__ABOUT THIS EXERCISE__. All of the data below should be repeated exactly. Pictures should not be included.

__DATASET SECTION__.
——————

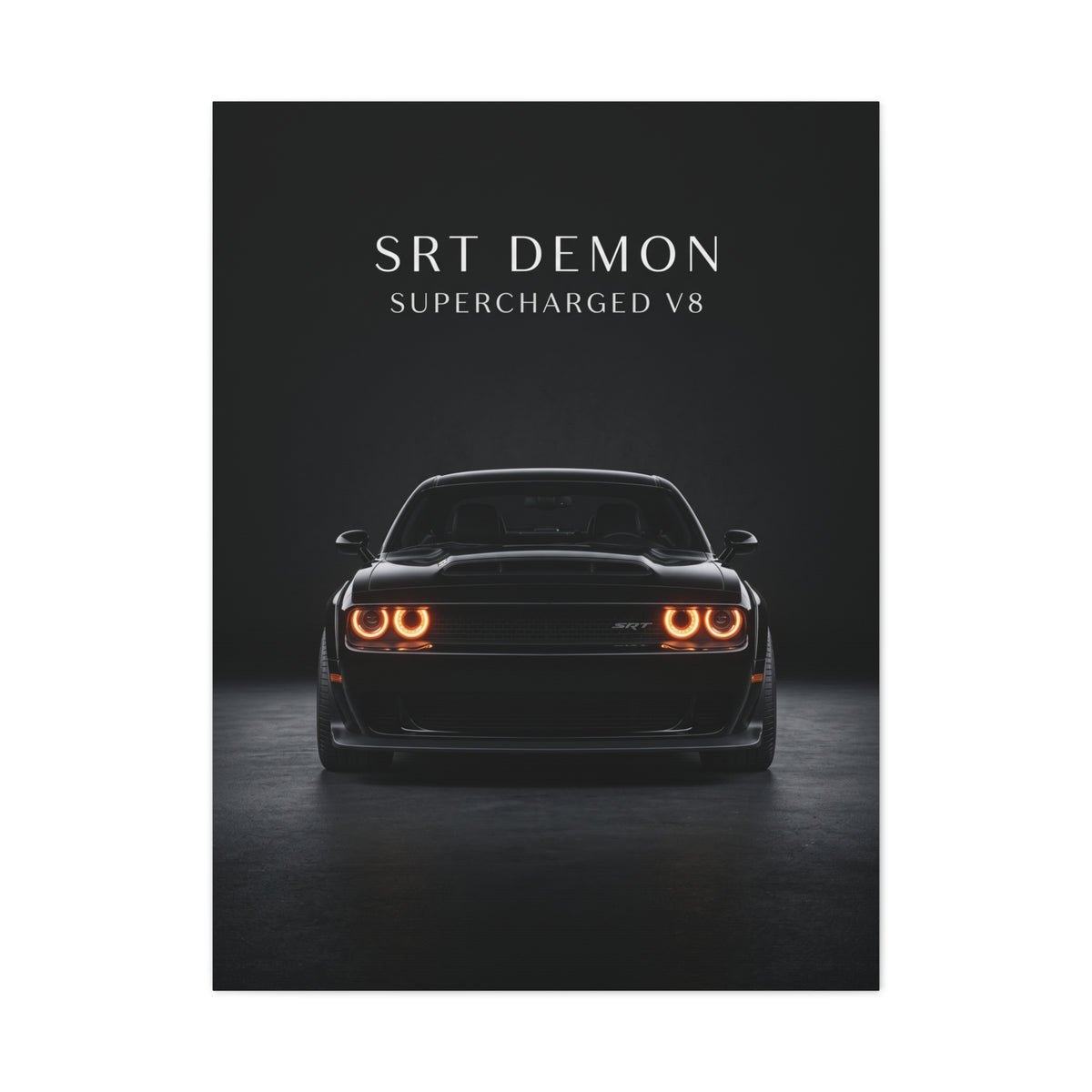 SRT Demon Supercharged V8 Muscle Car Matte Canvas Wall Art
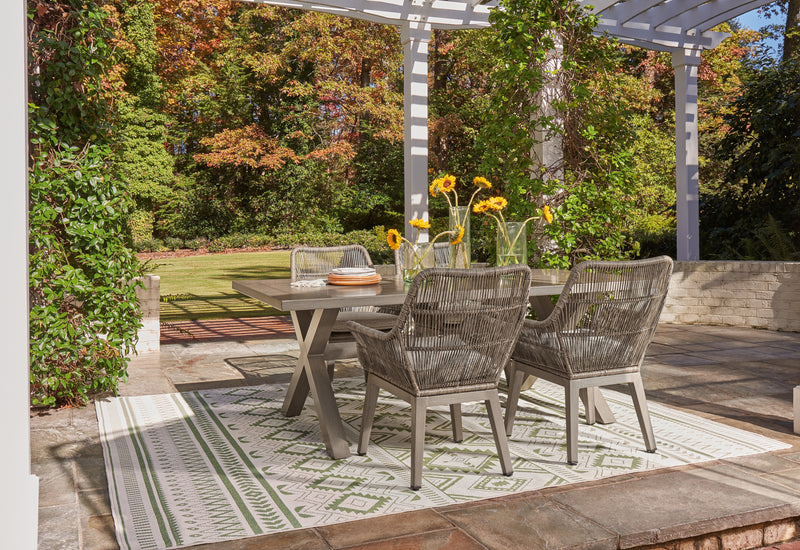 Beach Beige Front Outdoor Dining Table And 4 Chairs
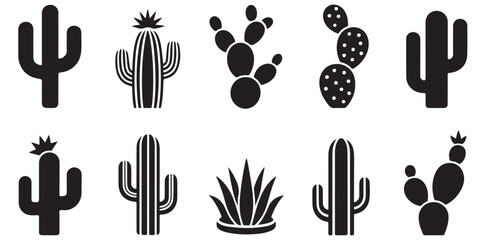 Collection of Black and White Cactus Silhouettes icons, Different Cactus Plants in Pots Line Art Illustrations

——————

__EXERCISE RESULT__.
 SRT Demon Supercharged V8 Muscle Car Matte Canvas Wall Art
 Beach Beige Front Outdoor Dining Table And 4 Chairs
 Collection of Black and White Cactus Silhouettes icons, Different Cactus Plants in Pots Line Art Illustrations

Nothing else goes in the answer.